Il est plus qu’évident que ces référés - liberté sont parfaitement justifiés, recevables et entrent dans la droite ligne des attributions du conseil d’état.

C’est parce que ces deux référés sont sans faille que le conseil d’état ne statue pas, il ne peut pas statuer sans donner raison au requérant. Il y a là dénis de justice.

Non seulement ses décisions contraires à la loi mais le conseil d’état tente de faire taire le requérant en lui infligeant de très lourdes amendes.

référé - liberté (*) Un imposteur se prétendant juge d’instruction à émis un faux portant accusation contre le requérant.

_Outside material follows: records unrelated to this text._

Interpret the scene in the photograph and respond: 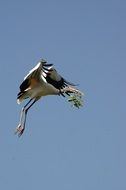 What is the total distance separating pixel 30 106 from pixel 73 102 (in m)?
2.81

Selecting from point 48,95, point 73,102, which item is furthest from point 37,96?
point 73,102

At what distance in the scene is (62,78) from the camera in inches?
1046

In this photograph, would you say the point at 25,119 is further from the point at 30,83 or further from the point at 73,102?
the point at 73,102

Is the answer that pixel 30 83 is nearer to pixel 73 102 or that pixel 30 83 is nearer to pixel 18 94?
pixel 18 94

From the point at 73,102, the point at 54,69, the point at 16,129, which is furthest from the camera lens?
the point at 54,69

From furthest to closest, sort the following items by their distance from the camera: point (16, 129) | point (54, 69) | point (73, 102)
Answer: point (54, 69), point (16, 129), point (73, 102)

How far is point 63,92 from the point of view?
2538 centimetres

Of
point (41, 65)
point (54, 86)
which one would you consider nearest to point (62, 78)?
point (54, 86)

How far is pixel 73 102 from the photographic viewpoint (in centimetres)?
2264

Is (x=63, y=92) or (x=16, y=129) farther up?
(x=63, y=92)

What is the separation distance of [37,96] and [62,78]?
182cm

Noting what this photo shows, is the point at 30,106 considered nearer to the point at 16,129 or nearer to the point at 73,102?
the point at 16,129

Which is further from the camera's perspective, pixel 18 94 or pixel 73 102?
pixel 18 94

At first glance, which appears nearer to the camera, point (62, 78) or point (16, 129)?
point (16, 129) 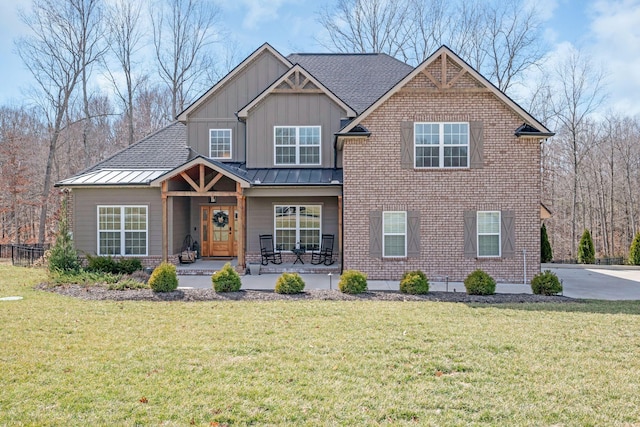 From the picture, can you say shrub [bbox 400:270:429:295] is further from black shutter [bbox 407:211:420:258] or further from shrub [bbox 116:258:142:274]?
shrub [bbox 116:258:142:274]

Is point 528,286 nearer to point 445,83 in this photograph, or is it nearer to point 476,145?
point 476,145

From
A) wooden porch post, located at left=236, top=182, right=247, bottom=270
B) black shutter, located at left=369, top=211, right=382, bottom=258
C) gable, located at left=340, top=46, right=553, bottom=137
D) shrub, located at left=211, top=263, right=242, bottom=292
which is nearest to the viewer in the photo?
shrub, located at left=211, top=263, right=242, bottom=292

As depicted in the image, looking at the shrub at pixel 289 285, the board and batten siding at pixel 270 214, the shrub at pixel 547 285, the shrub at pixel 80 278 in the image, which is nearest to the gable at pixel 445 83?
the board and batten siding at pixel 270 214

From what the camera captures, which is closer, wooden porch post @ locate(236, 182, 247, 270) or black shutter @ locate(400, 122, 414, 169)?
black shutter @ locate(400, 122, 414, 169)

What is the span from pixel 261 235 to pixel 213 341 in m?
9.21

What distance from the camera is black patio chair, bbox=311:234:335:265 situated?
1505 centimetres

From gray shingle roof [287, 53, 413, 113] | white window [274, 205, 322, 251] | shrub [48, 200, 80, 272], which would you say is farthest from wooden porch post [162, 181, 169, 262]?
gray shingle roof [287, 53, 413, 113]

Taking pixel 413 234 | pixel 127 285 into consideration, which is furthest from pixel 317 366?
pixel 413 234

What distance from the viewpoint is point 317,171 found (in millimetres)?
15273

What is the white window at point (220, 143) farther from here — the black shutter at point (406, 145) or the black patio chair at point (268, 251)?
the black shutter at point (406, 145)

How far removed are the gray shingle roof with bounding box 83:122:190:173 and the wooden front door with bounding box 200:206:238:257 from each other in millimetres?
2356

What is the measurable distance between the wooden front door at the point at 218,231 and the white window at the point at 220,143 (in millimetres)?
2088

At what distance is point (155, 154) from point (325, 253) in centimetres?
816

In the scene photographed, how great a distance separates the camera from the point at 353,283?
407 inches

Les faux contenus dans le référé - liberté (**) ont été utilisés par les assises pour condamner le requérant qui est incarcéré depuis le 19 février 2003.

Ce sont les manquements et fautes du conseil d’état, autant que les faux de la police judiciaire, qui font que le requérant est incarcéré alors qu’il est innocent.

°°° §§§ °°°

Sommes nous en France une autocratie égale à celle de l’Irak ?

Vous qui devriez contrôler que les administrations respectent les lois, qu’êtes vous ? Un dictateur ?

Vous couvrez l’officier de police coupable du crime de faux en écriture publique !

Je suis un citoyen qui réclame l’application des lois, je vous sommes de répondre à mes requêtes.